Personal information
- Born: June 28, 1937 (age 89) Indianapolis, Indiana, U.S.
- Listed height: 6 ft 5 in (1.96 m)
- Listed weight: 275 lb (125 kg)

Career information
- High school: Sacred Heart (Indianapolis)
- College: Idaho
- NFL draft: 1959 (6th round, 70th overall pick)
- AFL draft: 1960 (2nd round)

Career history
- Cleveland Browns (1960); Minnesota Vikings (1961–1965); New York Giants (1966); Washington Redskins (1967);

Career NFL statistics
- Fumble recoveries: 3
- Interceptions: 1
- Sacks: 19
- Stats at Pro Football Reference

= Jim Prestel =

American football player (born 1937)

James Francis Prestel (born June 28, 1937) is an American former professional football player who was a defensive lineman in the National Football League (NFL) in the 1960s. He played college football for the Idaho Vandals.

Selected in the 1959 NFL draft by the Cleveland Browns, he stayed in college, and joined the team in 1960. Prestel was with the expansion Minnesota Vikings for their first five seasons, and then one season each with the New York Giants and Washington Redskins. He retired from the NFL prior to the 1968 season.

==High school and college==
Born and raised in Indianapolis, Indiana, Prestel graduated from its Sacred Heart High School (now Roncalli) in 1955. He ventured west to play college football for head coach Skip Stahley at the University of Idaho in Moscow, where he started for the Vandals in the Pacific Coast Conference (PCC) alongside future notable pros Jerry Kramer, Wayne Walker, and Jim Norton. Prestel was a two-sport star athlete for the Vandals, where he also lettered in basketball as a center for head coach Harlan Hodges, and made honorable mention in the PCC for the 1958–59 season.

Selected by the Browns in the sixth round of the 1959 NFL draft (70th overall), Prestel chose to remain in college; he had missed most of the 1957 season to return to Indianapolis, where his mother was terminally ill. He was granted another year of eligibility and played the 1959 season at Idaho as a fifth-year senior, and was elected captain by his Vandal teammates.

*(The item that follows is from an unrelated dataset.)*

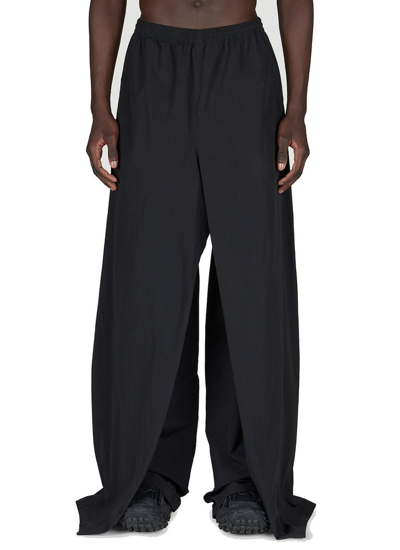 Shop Balenciaga Double Front Draped Pants In Black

Prestel broke his left foot in practice prior to the Battle of the Palouse game with Washington State in October 1959, but played the first half of the game anyway. He missed the remainder of the football season (four games), the East-West Shrine Game, and the entire basketball season, but was All-Coast honorable mention in football. Prestel played in the College All-Star Game at Soldier Field in August 1960, against the defending NFL champion Baltimore Colts.

==Retirement==
As of 2023, Prestel resides in Parker, Colorado.